Oh Dear they earn 50K a year!

How about the huge responsibility for peoples lives in the job they do? What about the hours they work and its dank environment? You don't mention overtime which is likely to make their money up. Would you like to spend your working life under ground as most of them do except for parts that are above etc. You forget its quite a dangerous job also.

Obviously you don't think skilled workers should be paid to reflect the job they do. Clearly they should be content with what they get. Don't you see that by pushing up wages and improving conditions etc those at tne bottom should ultimately benefit as improvements percolate down? Do you just want to maintain the status quo whilst inflation etc continually moved us the cost of living especially on essentials as well as the cost of living in London with a family?

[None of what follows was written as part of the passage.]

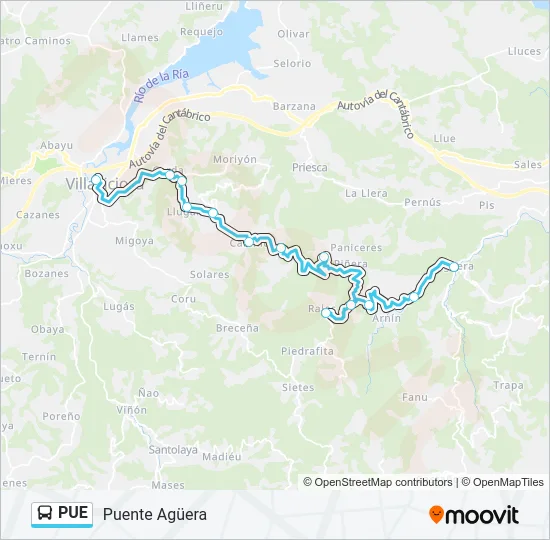 PUE Bus Line Map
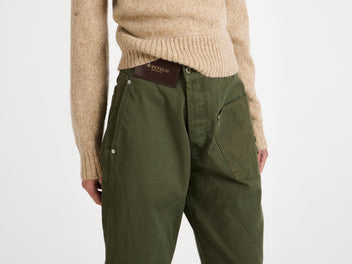 J.W.Anderson Straight Leg Jeans Indigo Raw Denim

Don't you think that the IPSA gets its salaries set by politicians, its scratch my back and I will scratch yours. We won't touch of their expenses we wouldn't dare unless you think the tube drivers get expenses like our politicians also.


Stop being dramatic. Driving a bus is also a difficult job, arguably a damn sight more so - you think bus drivers are on £50K a year? They have one of the last of the dinosaur type unions which is just out to screw anyone, but then again maybe you agree with that approach.

You sound like you'll be voting for Corbyn, good luck with that.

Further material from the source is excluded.